▶ What you are asked to do: Exact repetition of a range: find the line containing "Brake Disc PRO" and the line containing "Russell Kids raglan" in the material below, then repeat both and all lines between them, leaving pictures out.

▶ Extracted records:
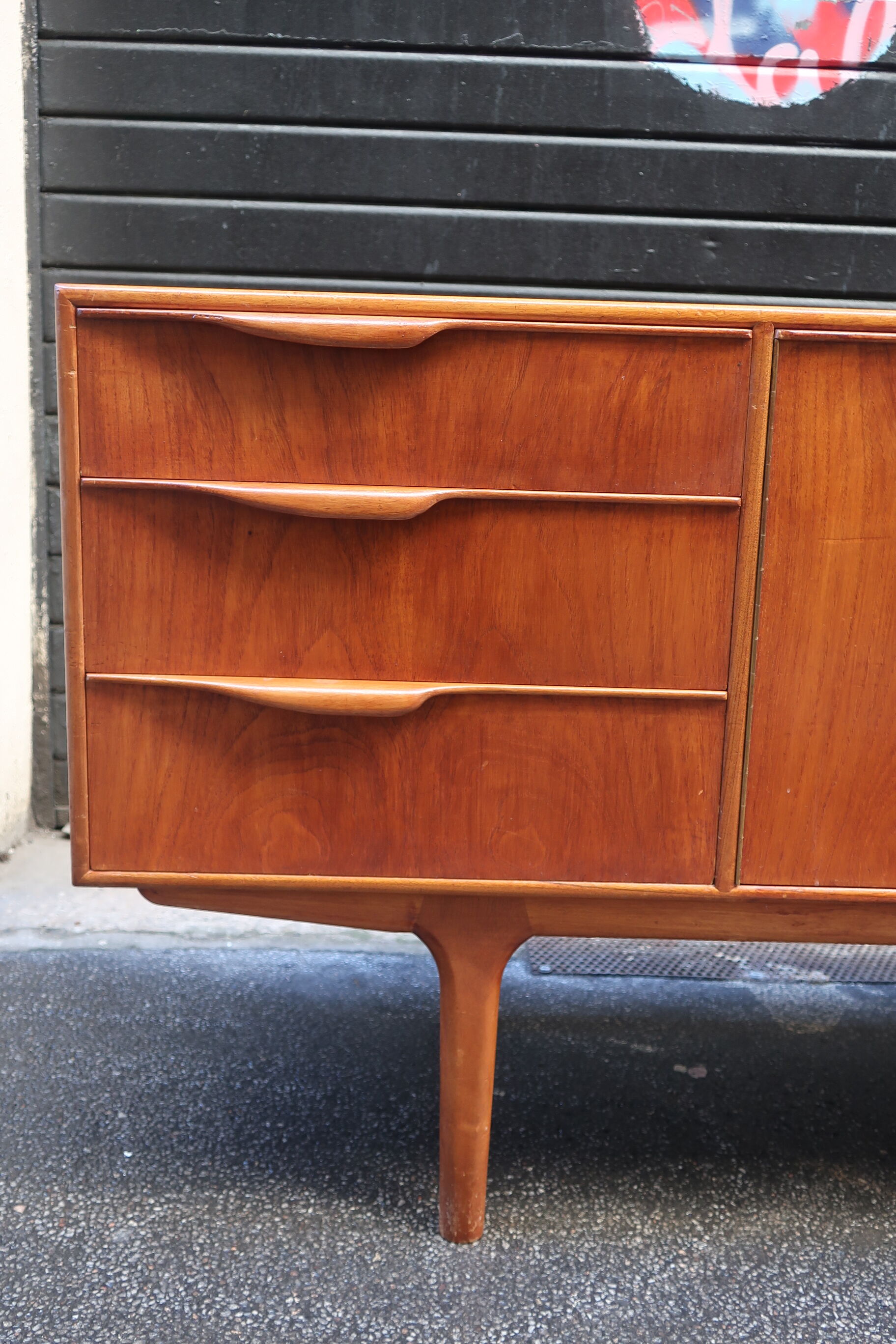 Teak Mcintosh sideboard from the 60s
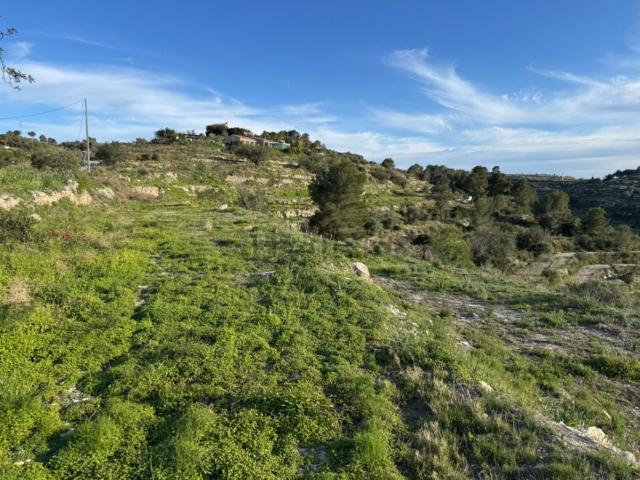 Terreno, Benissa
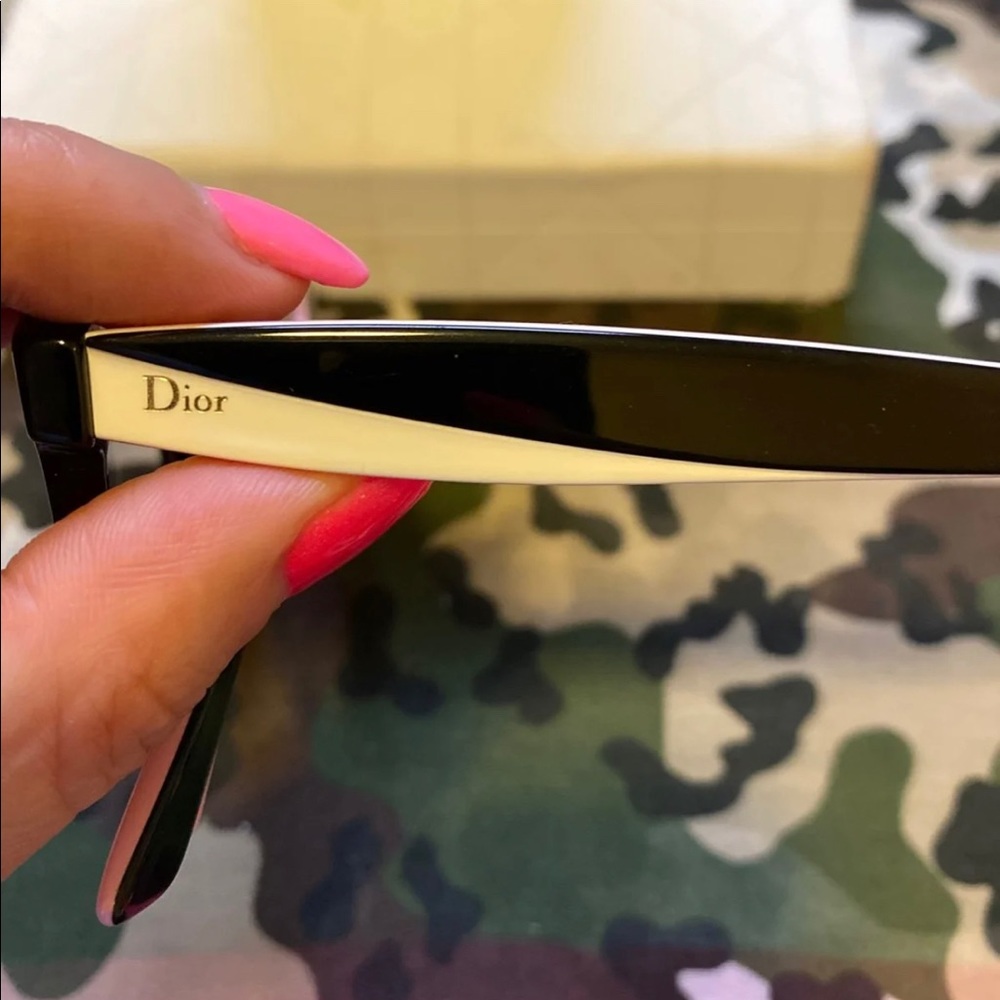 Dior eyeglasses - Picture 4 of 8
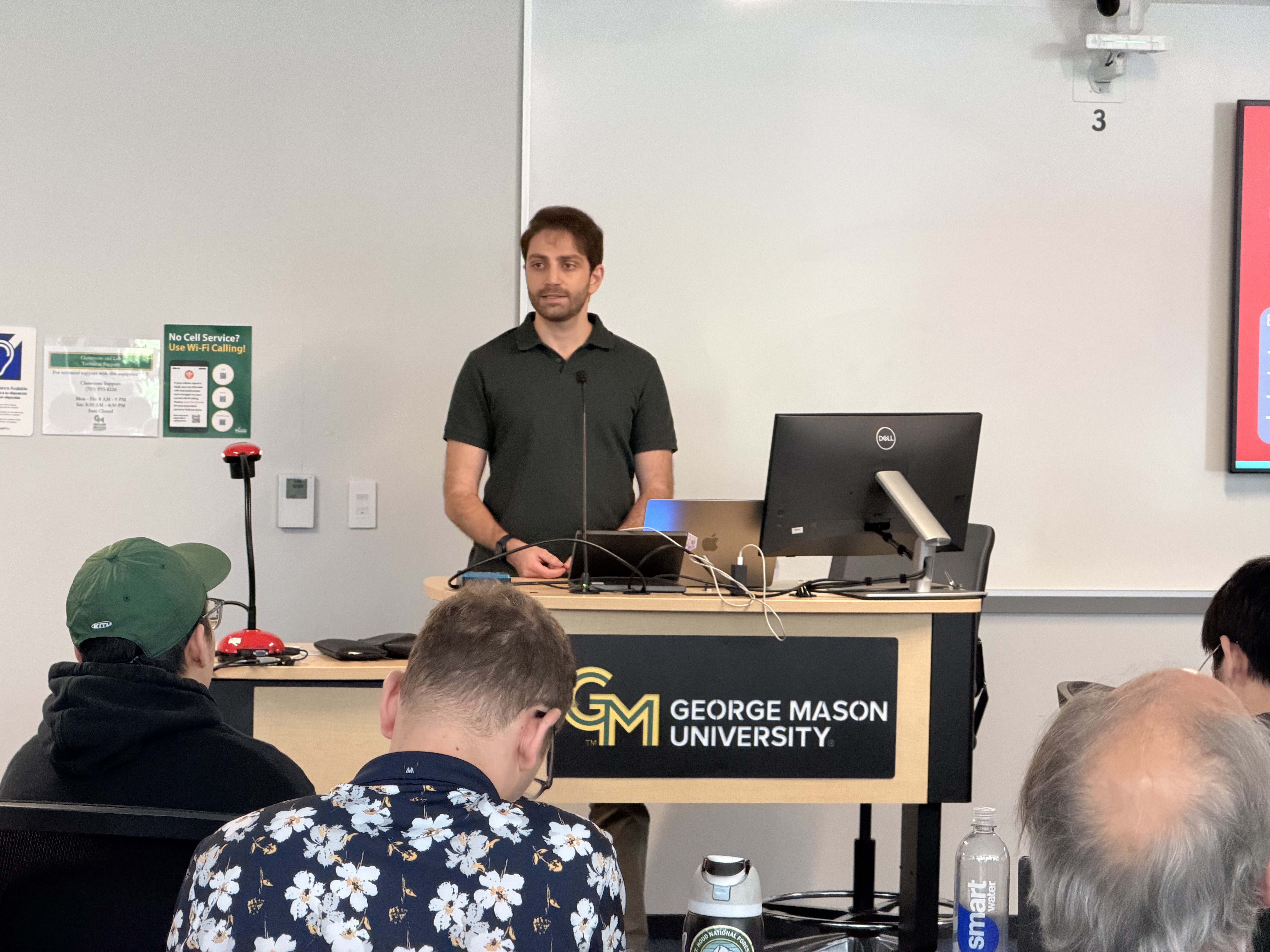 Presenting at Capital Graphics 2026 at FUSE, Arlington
* * *
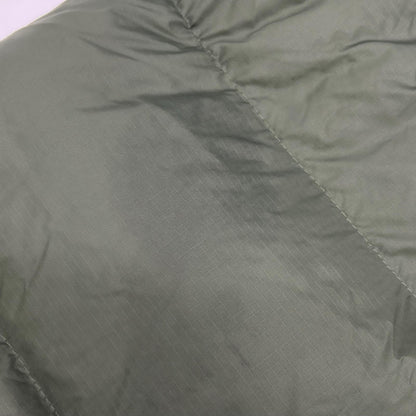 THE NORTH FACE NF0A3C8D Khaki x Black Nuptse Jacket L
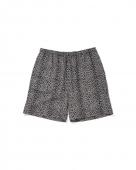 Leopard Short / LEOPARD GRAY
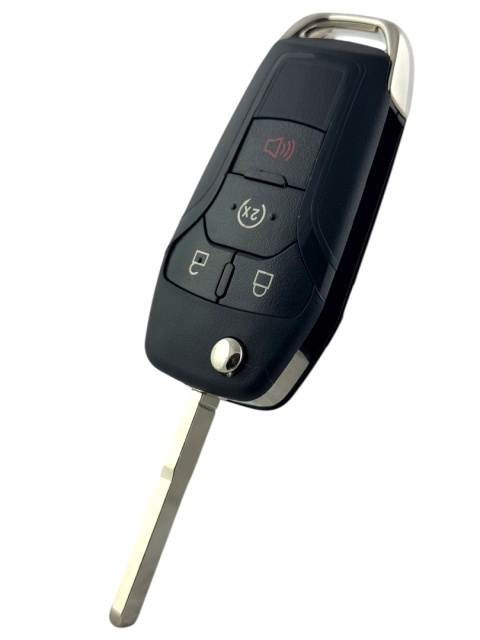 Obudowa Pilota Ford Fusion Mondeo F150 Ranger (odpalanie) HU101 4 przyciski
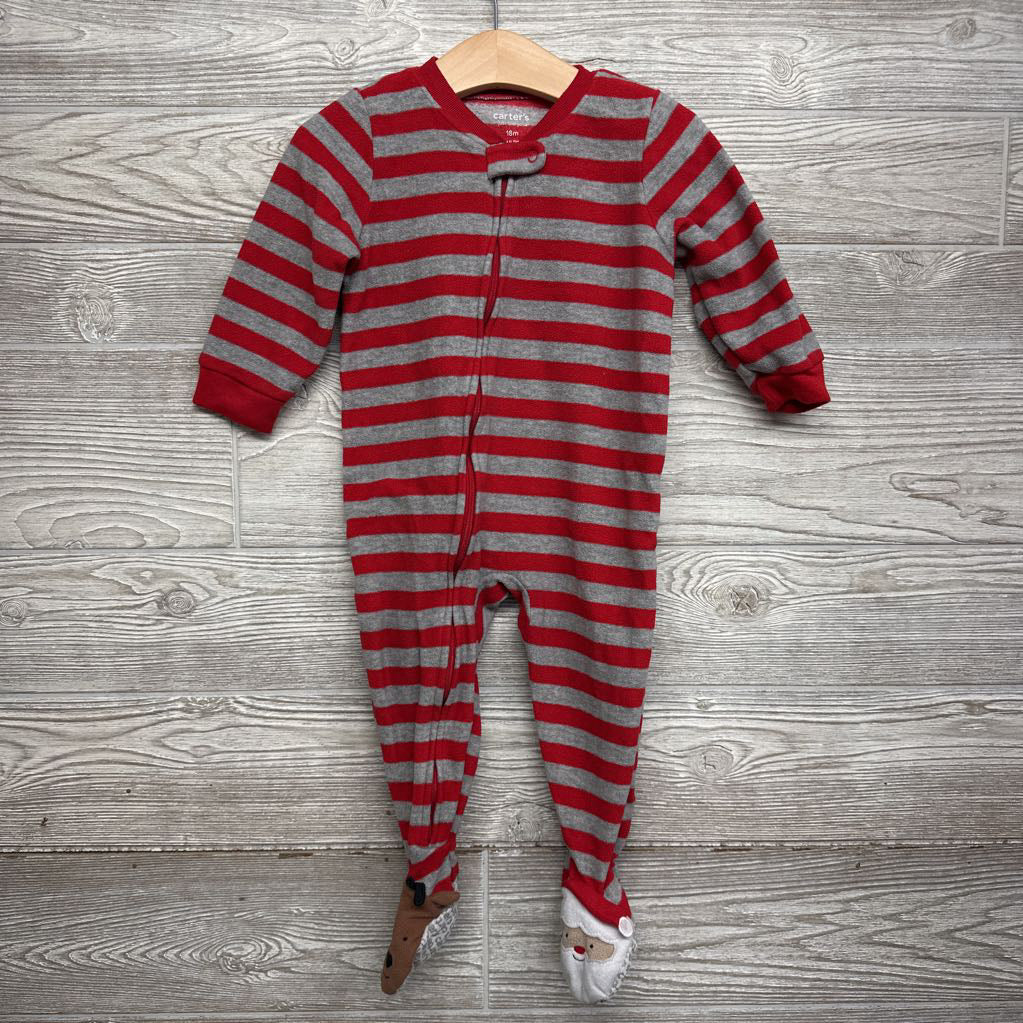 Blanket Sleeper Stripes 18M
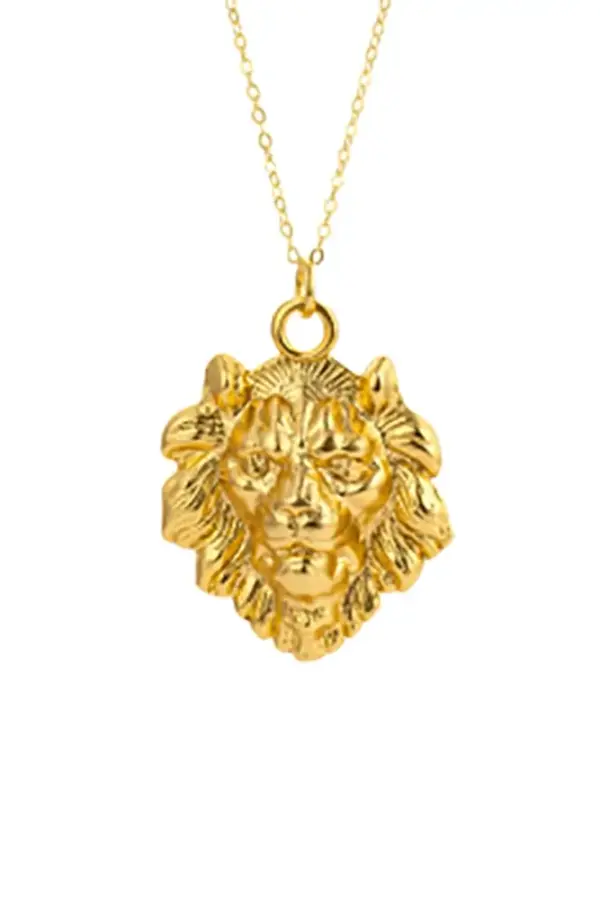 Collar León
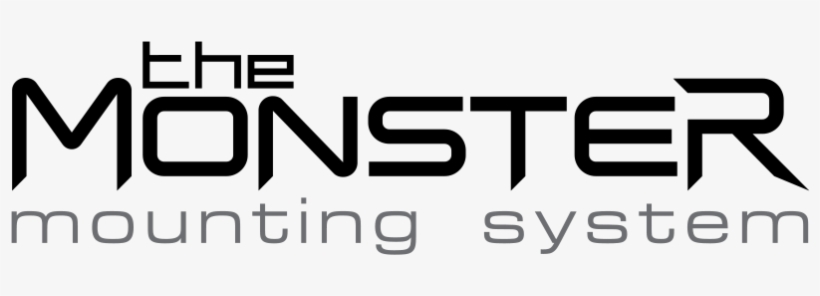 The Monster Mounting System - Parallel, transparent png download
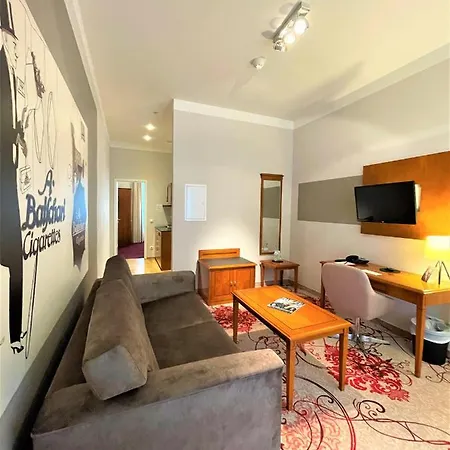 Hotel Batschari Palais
...
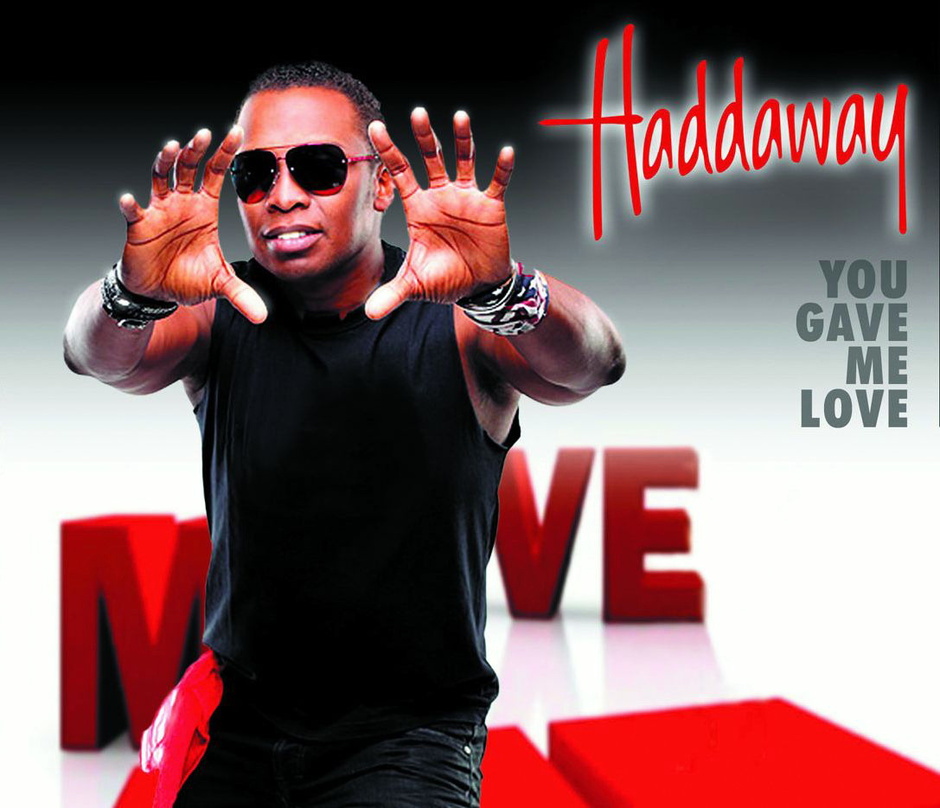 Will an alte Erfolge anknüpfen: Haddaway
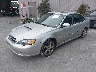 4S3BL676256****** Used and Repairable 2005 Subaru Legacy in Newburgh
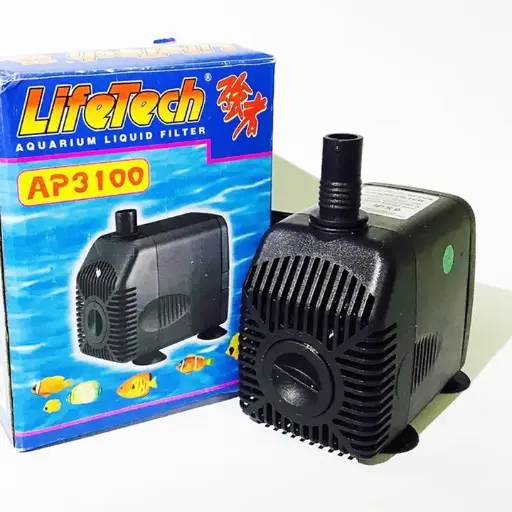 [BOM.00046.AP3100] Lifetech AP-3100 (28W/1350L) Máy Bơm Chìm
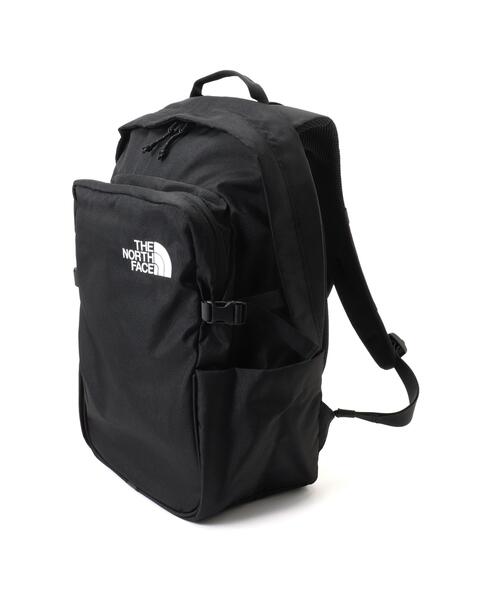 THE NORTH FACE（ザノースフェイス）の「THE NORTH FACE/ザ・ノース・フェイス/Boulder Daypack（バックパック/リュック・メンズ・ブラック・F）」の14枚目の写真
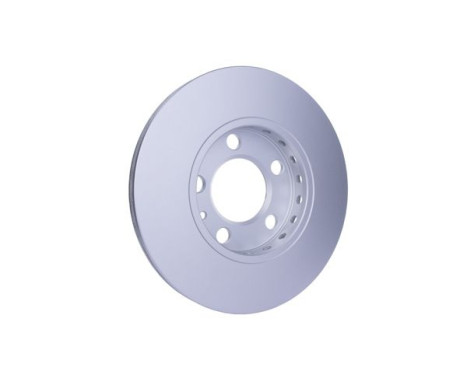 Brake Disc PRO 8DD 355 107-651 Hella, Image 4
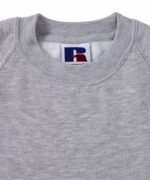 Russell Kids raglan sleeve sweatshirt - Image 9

▶ Response area:
 Brake Disc PRO 8DD 355 107-651 Hella, Image 4
 Russell Kids raglan sleeve sweatshirt - Image 9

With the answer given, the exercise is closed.